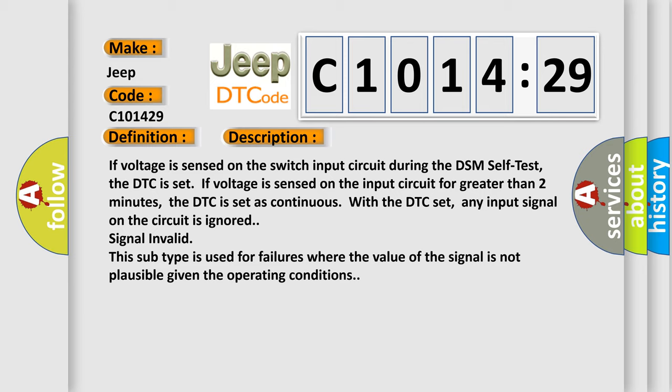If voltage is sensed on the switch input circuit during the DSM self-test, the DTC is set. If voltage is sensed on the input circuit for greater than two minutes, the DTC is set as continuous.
==
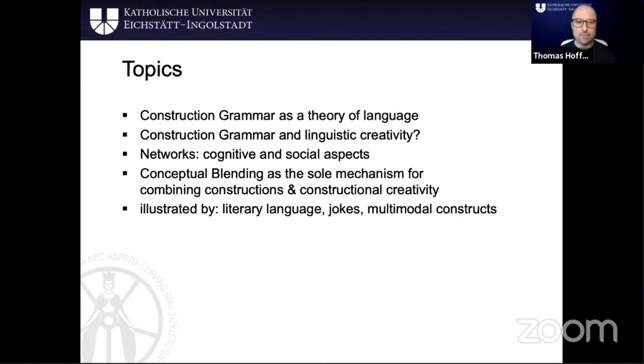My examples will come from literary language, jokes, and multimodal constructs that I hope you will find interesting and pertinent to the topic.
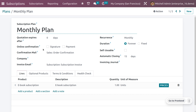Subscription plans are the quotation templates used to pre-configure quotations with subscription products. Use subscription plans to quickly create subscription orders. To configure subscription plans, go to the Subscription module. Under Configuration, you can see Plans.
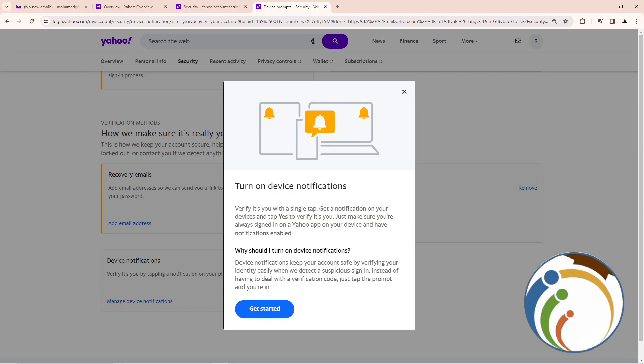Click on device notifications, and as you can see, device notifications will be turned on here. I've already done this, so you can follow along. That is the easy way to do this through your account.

What is being asked: Taking the entries above, copy word for word the lines from the one with "Subscription plans are" up to and including the one with "Click on device", without any picture.

Task result:
Subscription plans are the quotation templates used to pre-configure quotations with subscription products. Use subscription plans to quickly create subscription orders. To configure subscription plans, go to the Subscription module. Under Configuration, you can see Plans.
Click on device notifications, and as you can see, device notifications will be turned on here. I've already done this, so you can follow along. That is the easy way to do this through your account.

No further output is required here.